The measured production or injection rates and the recorded pressure, usually monitored with downhole gauges, are then analyzed to obtain information from the reservoir, the wellbore completion, and the quality of hydrocarbons present in the reservoir. The gauges used to record pressure also record temperature. Traditionally, temperature has not been used in analyzing a well test, even though the downhole temperature also provides information on the reservoir. Recently, there has been an effort to incorporate downhole temperature into the interpretation of well tests. See, for example, SPE-163437, SPE-163727, SPE-166120, and SPE-168995. To the best of my knowledge, this is not an approach that has received widespread use yet.
Why test a well?
A well test provides information not available from static measurements. A test is carried out to gather information to mitigate risks in:
Geology
Enhancing confidence in geologic interpretation as well as reserves estimates
Engineering
It is a direct measure of the actual and potential productivity of a well
Incorporates proven methods to capture reservoir-representative, uncontaminated fluid samples for PVT and Flow Assurance analyses
Identification of potential production problems such as sand production, fines migration, presence of asphaltenes or paraffin, and possibility of water/gas coning
When to test a well?
A well can be tested during the entire life cycle of a field. The reasons for carrying out a well test differ, depending on whether it is an exploration, early appraisal to development, or production well. Without attempting to define fixed brackets, one can state the following
Exploration: A test is normally carried out to estimate a minimum connected reservoir volume, reservoir deliverability, as well as reservoir and fluid properties.
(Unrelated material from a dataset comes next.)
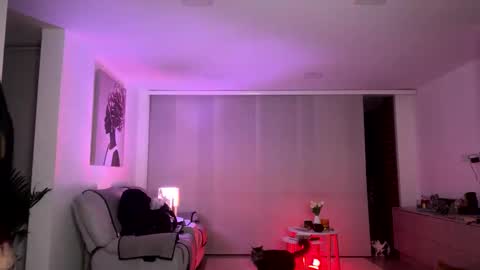  CAMI VELEZ camivelezz   online show from September 21, 2025, 3:52 am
Appraisal to Early Field Development: In this instance, the emphasis is on reservoir description.
Production: In the late stage of a field, the emphasis shifts to reservoir management.
Well Test Objectives
Given the complexity of a well test, it is imperative to follow a methodical approach. If followed, a logical progression leads to the successful completion of a well test. Objectives must be clearly and completely defined. All stakeholders must agree on those objectives before any design work and equipment allocation begins. Any subsequent proposal to modify the agreed-upon objectives must be documented and circulated to each stakeholder.
It is essential for one person to be responsible for designing the test, surface and downhole equipment requirements, test procedures, data collection, data quality control, interpretation of test, and presentation of results. Every single step must be properly documented. This is of value during execution as well as for future reference. When several people perform these functions, a loss of focus often ensues that may threaten the success of the test.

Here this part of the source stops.